The Tactical Nuke was the big daddy of all killstreaks and everyone wanted one. Calling one in assigned you with a badge of honour that allowed bragging rights in the school playground because it was no easy feat – you needed to get 25 kills without dying. On top of that almost inhuman achievement, what made the Nuke so special, so much more desirable than other killstreaks, was the fact that it ended the game and automatically won it for the side of the player who called it in. Getting crushed in Domination? A Nuke will fix that. Losing squadmates left and right in Team Deathmatch? Go solo and get a Nuke to win. Can’t keep up in Capture The Flag? Look, you get the point. Getting a Nuke was the equivalent of sticking a big middle finger to the opposing team and saying “Sod your strategy and teamwork, we’re winning now.” The enemy team would definitely shout a lot worse at you when you called one in.
The Nuke was a bone of contention at the time. Some people loved it, perceiving it as the ultimate marker of player skill. Others thought it was absolute bullshit and ruined the balance of the game completely. It was quite an arrogant killstreak to use, as it basically declared you the sole victor of the game. What’s worse is that it kills everyone in the game, friend or foe. This, combined with the fact it often cut games short meant that you could earn the ire of your teammates for calling one in, especially if your team was winning and everyone was having fun racking up the kills. No one likes having their fun stopped, so prematurely ending a game while also hurting your teammates’ K/D ratio wasn’t a great way to win friends.

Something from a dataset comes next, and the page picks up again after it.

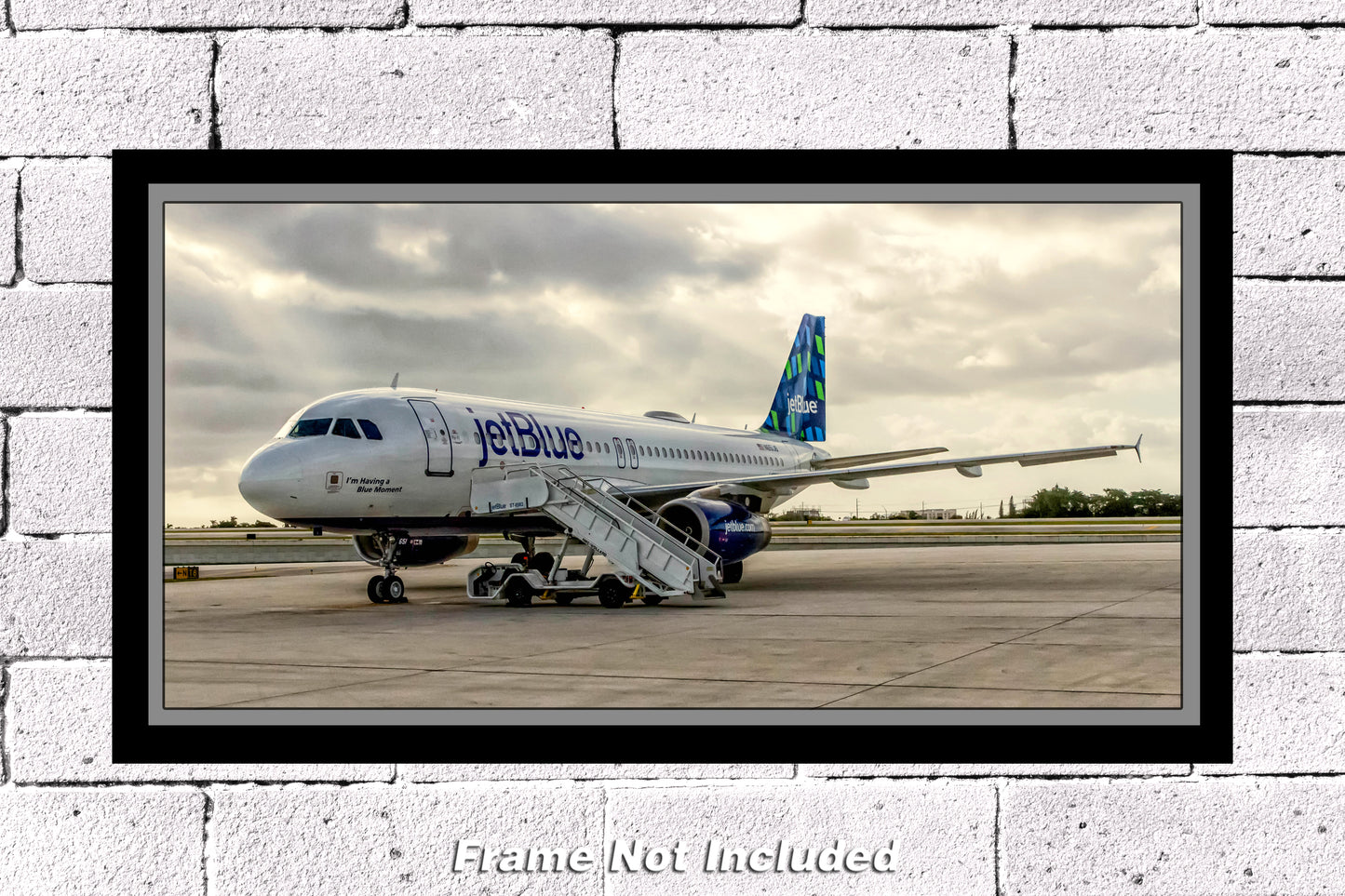 JetBlue Airways Airbus A320 Color Photograph (APPM10080)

But who cares about friends when you’ve just singlehandedly won the whole game?
The implementation of killstreaks in Modern Warfare 2 marked a shift away from the more grounded gameplay of the previous CoD entries. Before, killstreaks followed a 3-5-7 pattern. You got a UAV at three kills, then an airstrike/artillery barrage at five kills, and finally an attack helicopter or vicious attack dogs at seven kills. MW2 expanded upon this formula greatly, adding a customisable roster of killstreaks that went all the way from three kills to 25. Everyone had their favourite trio. For me, that was the Predator Missile, Harrier Jets, and Chopper Gunner. You could support your team with UAVs, Emergency Airdrops, and EMPs that would disable enemy radar and electronics; you could also become a killing machine with the Pavelow and AC130. You could even mix and match. However you wanted to play, there were killstreaks for you.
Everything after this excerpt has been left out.